Ive taken to top 200 candidates as we would only consider these in the final evaluation anyway and found their averages and rmse for 0,1, and 2. In the 0 dataset we see 70.75 (thousand) barrels of oil which is under our target and our rmse is at 26% as well not the greatest option. data 1 continues to look very promising with a 111.23 barrels meaning it is over our target and with a rmse of .23% making it an extremelly reliable model. data 2 displays 85 barrels under our target and has a 14% rmse alos making it less reliable.

In [32]:
def bootstrap_profit(predictions, true_values, n_iterations=1000, budget_million=100, num_wells=200, revenue_per_unit=4500):

    predictions = predictions.ravel()
    true_values = true_values.ravel()
    n_samples = len(predictions)

    cost_per_well = (budget_million * 1_000_000) / num_wells
    profits = []

    for _ in range(n_iterations):
        indices = np.random.choice(n_samples, n_samples, replace=True)
        sample_preds = predictions[indices]
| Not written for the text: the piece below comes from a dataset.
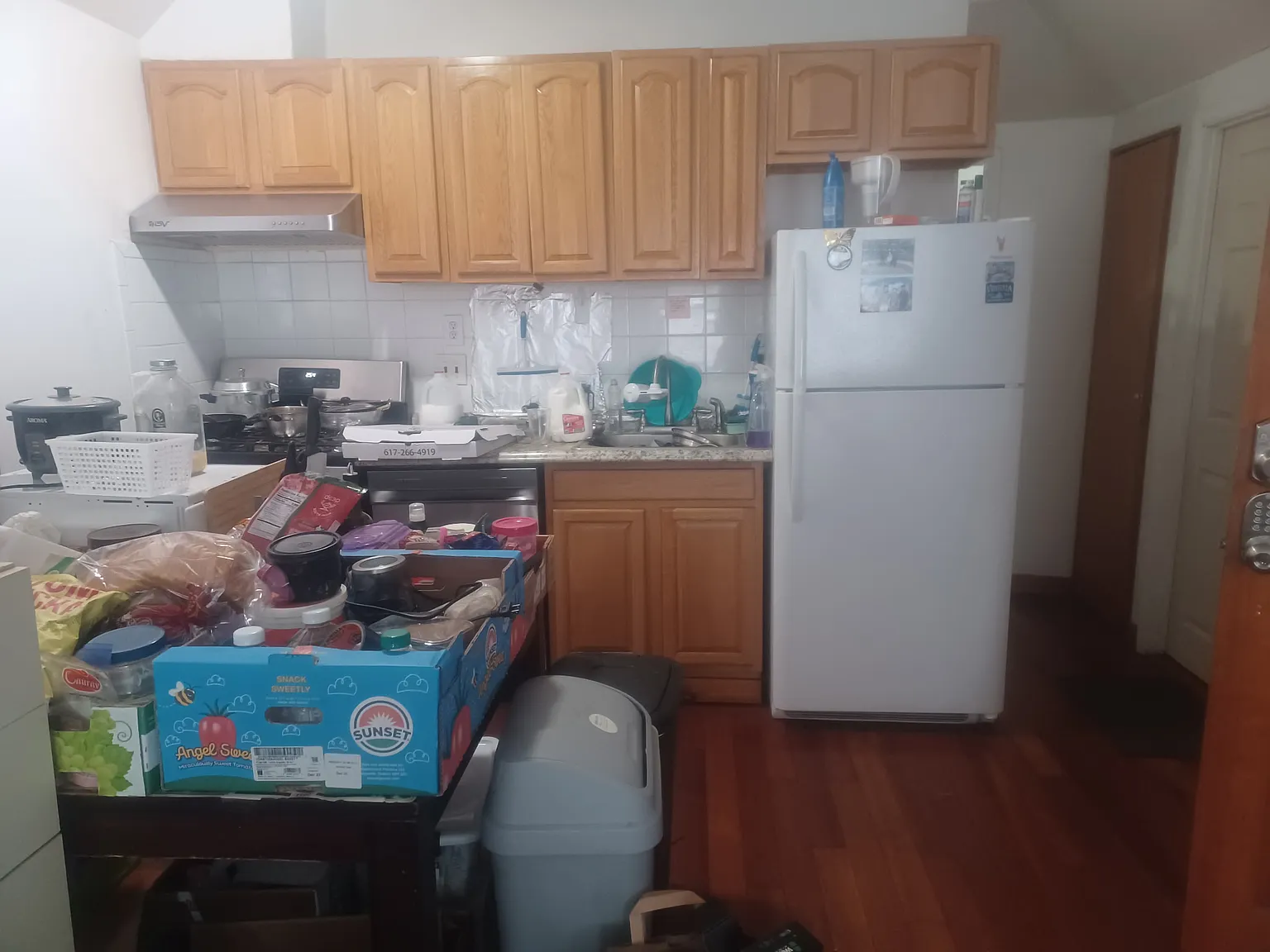 3 bed, 900 sqft, $3,300 — Photo 2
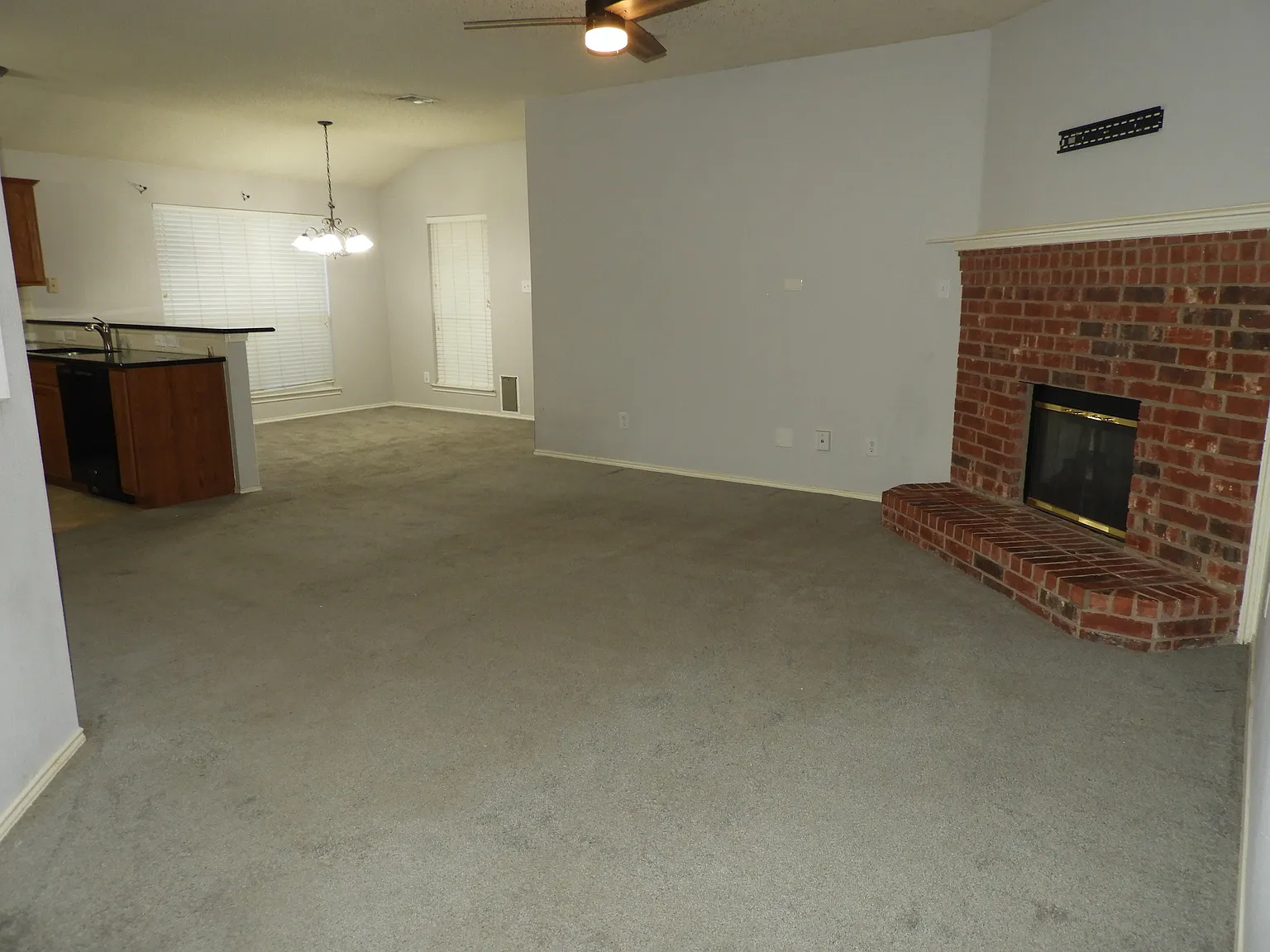 3 bed, 1471 sqft, $1,995 — Photo 3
        avg_volume = sample_preds.mean()
        revenue = avg_volume * revenue_per_unit
        profit = revenue - cost_per_well
        profits.append(profit)

    profits = np.array(profits)
    mean_profit = np.mean(profits)
    conf_interval = np.percentile(profits, [2.5, 97.5])
    loss_risk_percent = np.mean(profits < 0) * 100

    return mean_profit, conf_interval, loss_risk_percent


In [33]:
result_data0 = bootstrap_profit(top_200_pred0, top_200_true0)
result_data0

(np.float64(-181615.83682662935),
 array([-181615.83682663, -181615.83682663]),
 np.float64(100.0))

In [34]:
result_data1 = bootstrap_profit(top_200_pred1, top_200_true1)
result_data1

(np.float64(537.9713539258228),
 array([537.97135393, 537.97135393]),
 np.float64(0.0))

In [35]:
result_data2 = bootstrap_profit(top_200_pred2, top_200_true2)
result_data2

(np.float64(-113373.00969036158),
 array([-113373.00969036, -113373.00969036]),
 np.float64(100.0))

I compiled a few steps into this algorithm and ill list what we have here we re printed the avg volume and rmse to have a place that stores all the information in 1 function, we have calculated profit for each region (0 = -181615, 1 = 537, 2 = -113373) showing that our only profitable region is dataset 1. our risk is our bottom number data set 0 and 2 have a 100% risk and 1 has a 0%. a sa result of my findings i would suggest using dataset 1's region as the site for drillign as it is the only profitable site

## Conclusion

This project aimed to support strategic decision-making in oil well development through data-driven analysis. By leveraging machine learning predictions of oil reserve volumes, combined with financial modeling and risk assessment, we evaluated multiple regions to identify the most promising candidates for investment.

Using a combination of RMSE-based risk filtering and bootstrapping for profit estimation, we were able to estimate not only expected returns but also the likelihood of financial loss. This allowed us to recommend the region with the most favorable balance of expected profit and low risk, ensuring smarter capital allocation and improved confidence in development outcomes.